## Task objective
Print every line below exactly. Skip the pictures.
─── Data excerpt
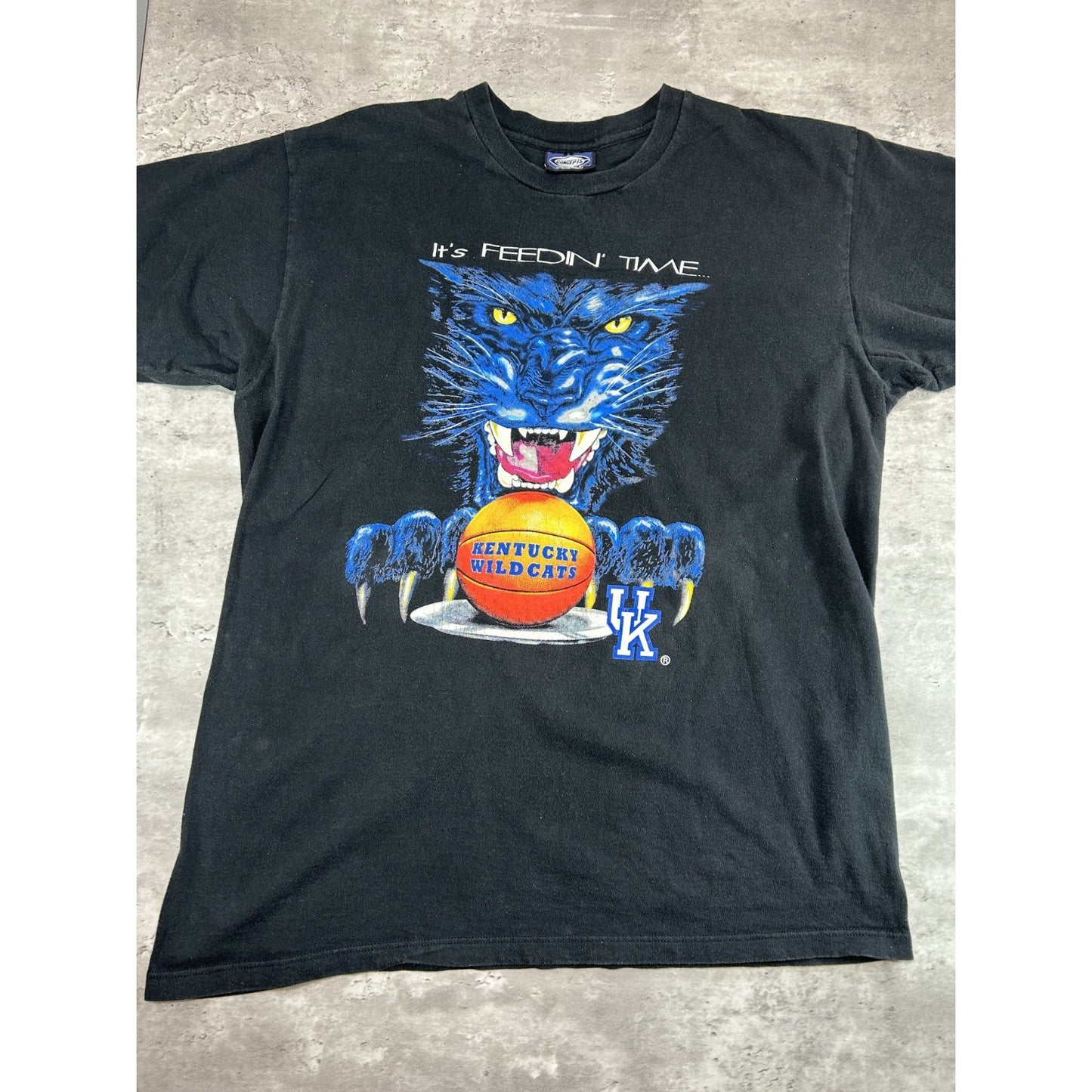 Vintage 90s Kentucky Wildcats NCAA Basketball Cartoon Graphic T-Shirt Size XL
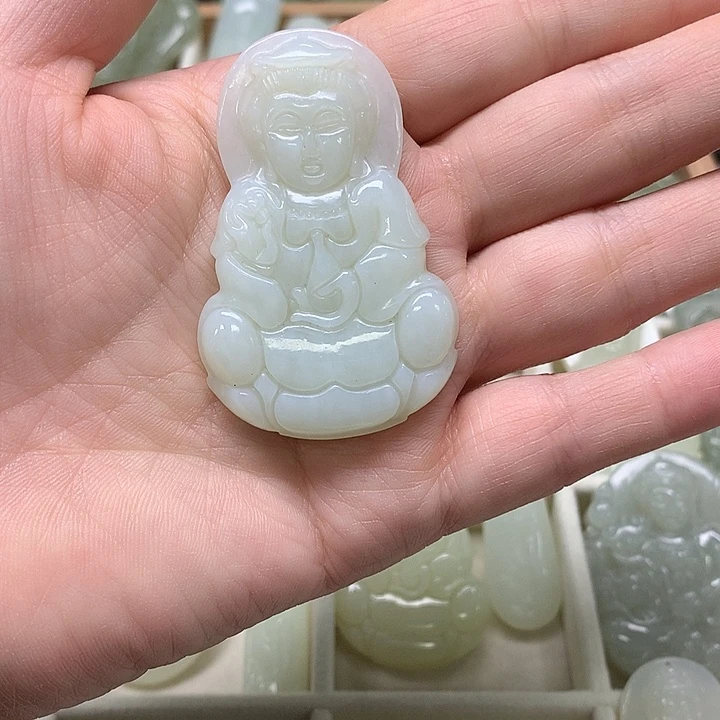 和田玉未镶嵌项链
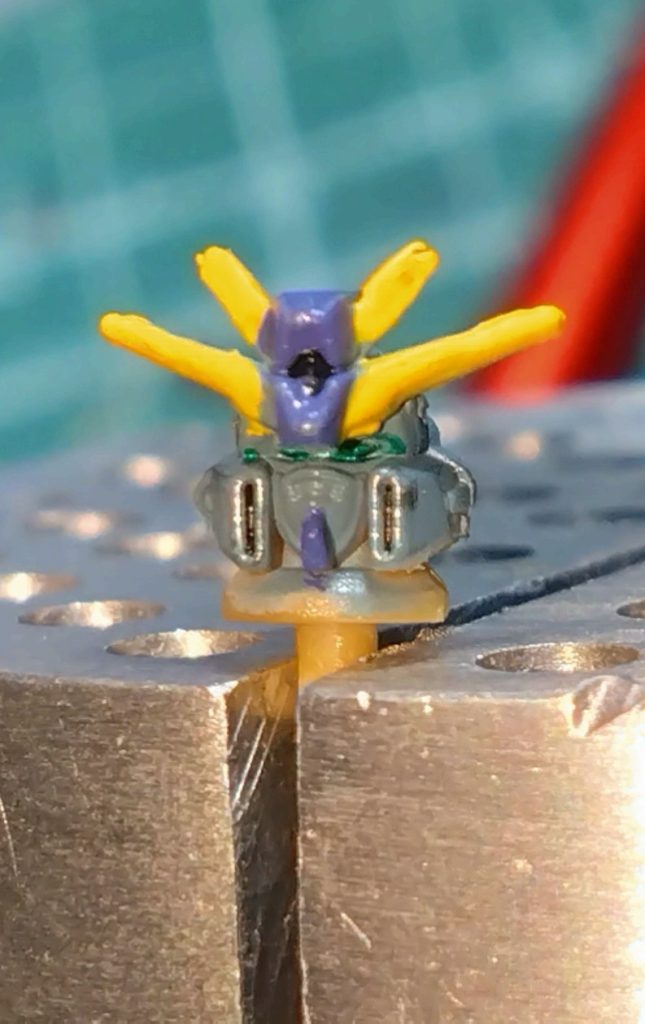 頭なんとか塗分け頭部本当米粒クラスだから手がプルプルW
──────
## Response to this exercise
 Vintage 90s Kentucky Wildcats NCAA Basketball Cartoon Graphic T-Shirt Size XL
 和田玉未镶嵌项链
 頭なんとか塗分け頭部本当米粒クラスだから手がプルプルW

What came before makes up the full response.